Our bodies fall under the influence of toxins through two routes: internal and external. The external sources of toxins come mainly from food (industrial), household and beauty chemicals, radiation, plus industrial and vehicle pollution. The internal sources of toxins are faulty digestion and metabolism. Even if we lived in the cleanest part of the world and used no chemicals for cleaning ourselves and our environment, we would still fall prey to toxins – those created by a faulty digestive process.

Our digestive power varies according to the time of day and of season. It also varies depending on our eating habits. Sometimes we eat at the wrong time, or eat a lot in the evening and go to bed without having fully digested our food. There are many times in life when it’s not possible to follow nature’s guidance, for example when sickness or travel put our systems under pressure and slow down or speed up digestion to an abnormal level. As a consequence, food either stays in the gut too long or too little a time.

Whatever the reason for the accumulation of toxins, it is good to do a detox every so often. The good news is that by following an ayurvedic daily and seasonal routine of diet, the body does this naturally. The morning is dedicated to clearing slow and cold mucous collected during the night as well as to turning on the enzymes. They burn off undigested material from the stomach and gut, which are potential causes of toxins. Also, the body is set to burn fat for energy. This is really important because the toxins lodge in the fatty tissue and when we burn fat, we burn toxins.

Identically, spring season is the part of the year when the body is willing to dispel toxins. The power of detoxing is strong if we treat our bodies accordingly. The spring diet is full of detoxifying alkaline food items like leafy greens: high in chlorophyll, they scrape and clean the gut and nourish the good bacteria to do their work. Also, springtime is the period when we should increase the use of spices and herbs in our kitchen as they easily manipulate the digestive and metabolic powers. Digestive spices such as turmeric, pepper, ginger, parsley, rosemary and chilli are all very familiar to us.

Ideally there would be no need to go on a specific detox if we just followed the daily and seasonal routines for the most part in our lives. Then the body will burn the fat that contains toxins and keep our digestive power strong so that any other toxins that enter the system are dealt with efficiently and eliminated without causing havoc.

BUDGET

One of the great benefits of a seasonal diet is that it is cheap. Being in season, these food items are cheaper than those grown artificially in the wrong season or brought to the supermarket from a great distance. We can perhaps grow food ourselves in our gardens or terraces, or go to gather nature’s resources straight from the source. Mushrooms, berries and wild herbs like dandelion are all there to be collected in abundance, given the right season. They can be made into preserves or dried and enjoyed at a later stage.

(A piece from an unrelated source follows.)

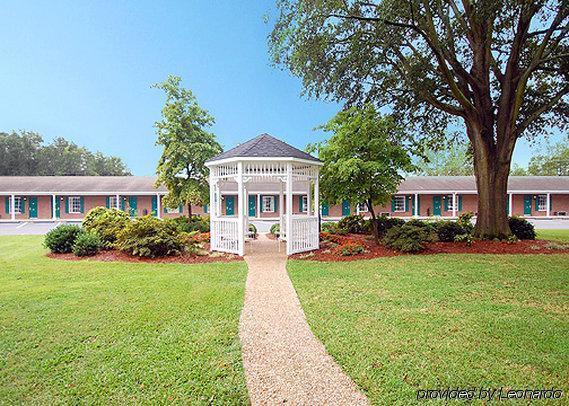 Ambassador Inn Fayetteville Zewnętrze zdjęcie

The benefits of the daily and seasonal routines are multiple. Once the wheel starts turning and we find synergy between nature and our individual tendencies and behavioural patterns, the effort to stay healthy and strong is minimal.

Following nature’s way is to follow our true purpose of living. Once we find it, the path opens up clearly in front of us and choices that take us in the right direction become natural. We start naturally rejecting what is harmful and gracefully lean towards the healthier options in life.